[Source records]
·····

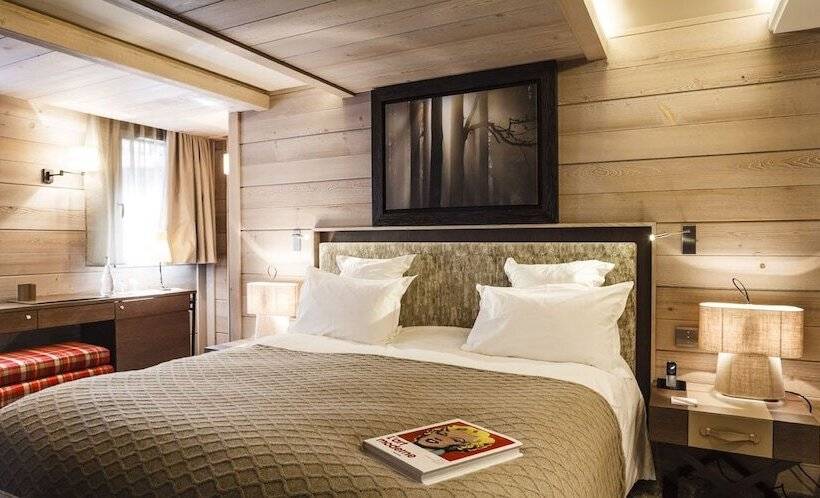 ホテル Grandes Alpes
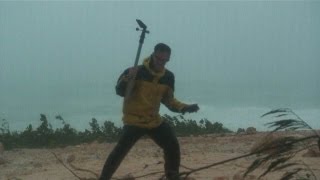 Джордж Корунис в урагане Дин на Ямайке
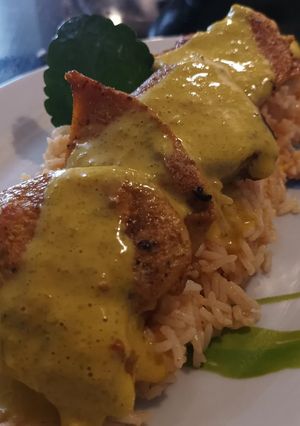 Una foto de Medallones de pollo al curry con arroz al pimentón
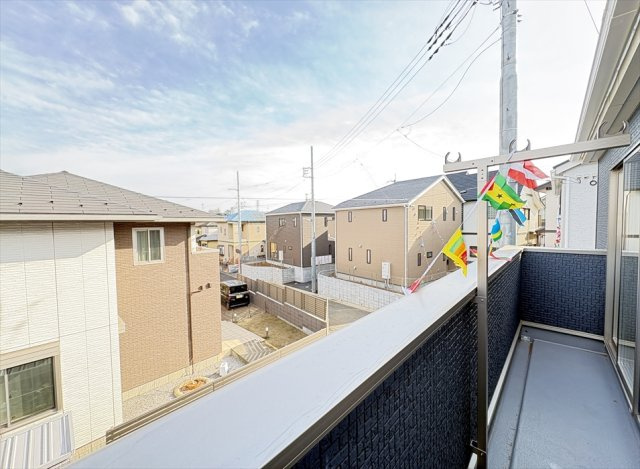 【バルコニー】 | 新座市畑中2丁目　新築一戸建住宅　全9棟　(志木本店) | 周囲に高い建物が少なく、開放感を楽しめるバルコニー眺望。
2部屋から行き来できるので家事動線も良好。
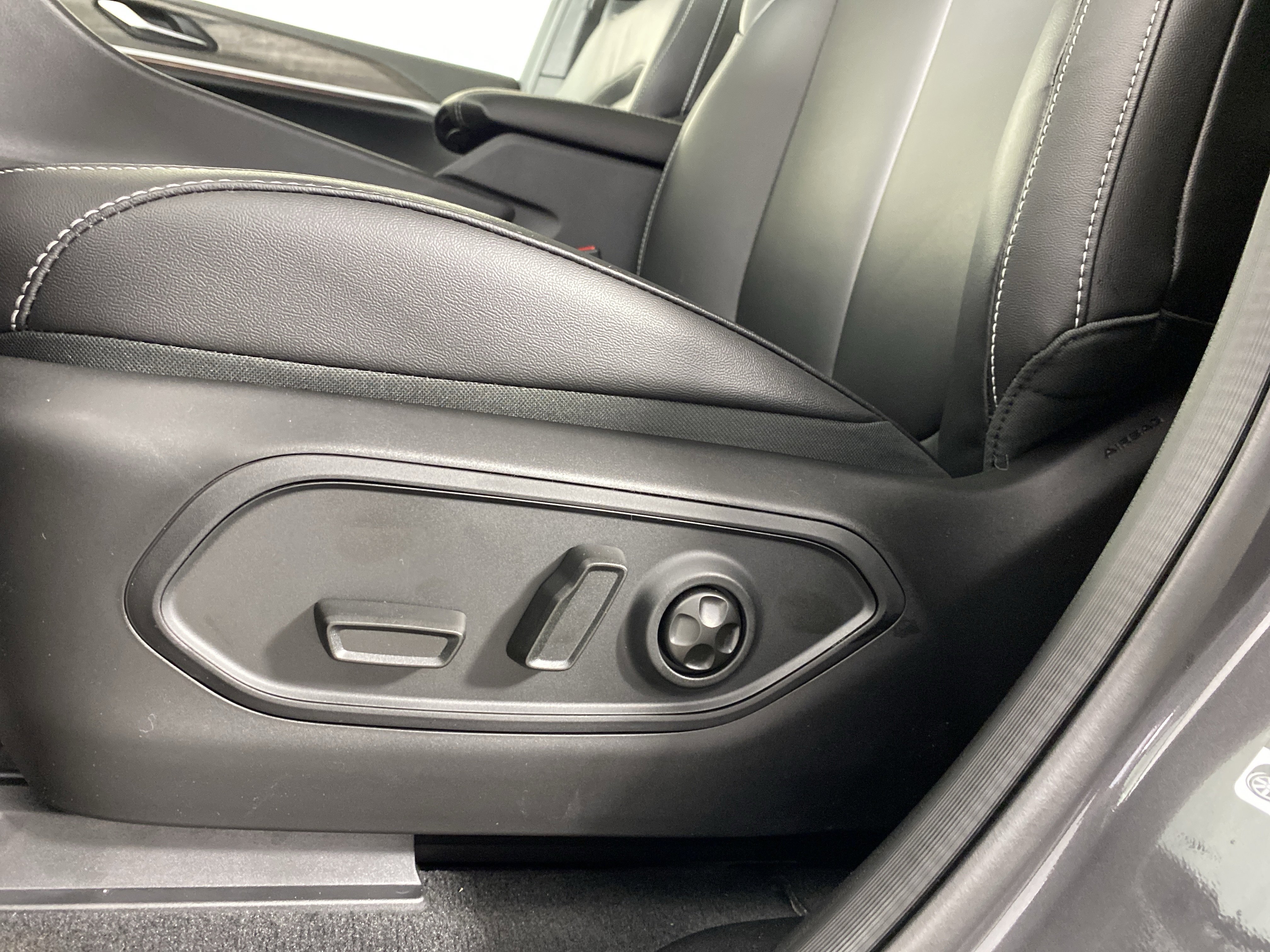 New 2025 Jeep Grand Cherokee Limited w/ Black Appearance Package image 16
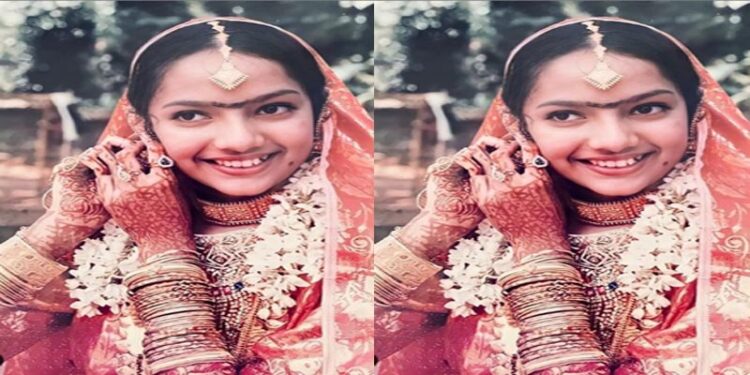 മലയാളത്തിലെ നായികയായ ഈ മണവാട്ടി കുട്ടിയെ മനസ്സിലായോ ? തന്റെ പഴയകാല ചിത്രവുമായി നടി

·····

Try it: Leave the pictures out and restate exactly the lines from the one that has "New 2025 Jeep" through the final line of the entries above, both ends included.

Answer to the problem:
 New 2025 Jeep Grand Cherokee Limited w/ Black Appearance Package image 16
 മലയാളത്തിലെ നായികയായ ഈ മണവാട്ടി കുട്ടിയെ മനസ്സിലായോ ? തന്റെ പഴയകാല ചിത്രവുമായി നടി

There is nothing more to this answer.